How do I calculate the time taken for a file (in megabytes) to be transferred over a WAN link (128 Kbps, 256 Kbps or 2 Mbps), and what are the different parameters I should consider to take into account for provisioning a particular WAN bandwidth as per my question above?
The time taken for a file to be transferred across the WAN depends on several factors, including the file size and link bandwidth.
The minimum time taken is attained by simply dividing the file size in megabits (convert from megabytes by multiplying by 8) by the link speed in megabits per second.
In reality, the actual transfer time may be higher than the minimum calculation above. This is due to several factors, which include the following:
- There is a small amount of overhead due to packet headers.

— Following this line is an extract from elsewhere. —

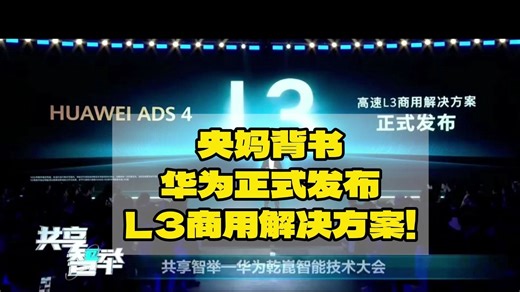 央妈背书：华为正式发布L3商用解决方案！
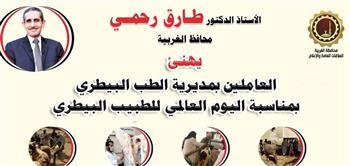 محافظ الغربية يهنئ العاملين بالطب البيطري بمناسبة اليوم العالمي لهم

- The link may be shared with other traffic.
- The protocol used to transfer the file may have latency limitations. For example, a CIFS (Microsoft file system) transfer over a long distance link with a high latency may take ten or more times longer than expected.
- Packet loss may trigger retransmissions and back-offs that prevent the transfer from using the full link capacity.
- Compression reduces the amount of data that needs to actually be sent across the WAN.
- Disk-based data reduction can deliver duplicate information locally, improving WAN utilization while reducing transfer times.
- Latency can be mitigated using various TCP acceleration techniques, such as selective acknowledgements and adjustable window sizes.
- CIFS optimization can overcome the chattiness of that protocol.
- Forward packet correction can be used to overcome the ill effects of packet loss.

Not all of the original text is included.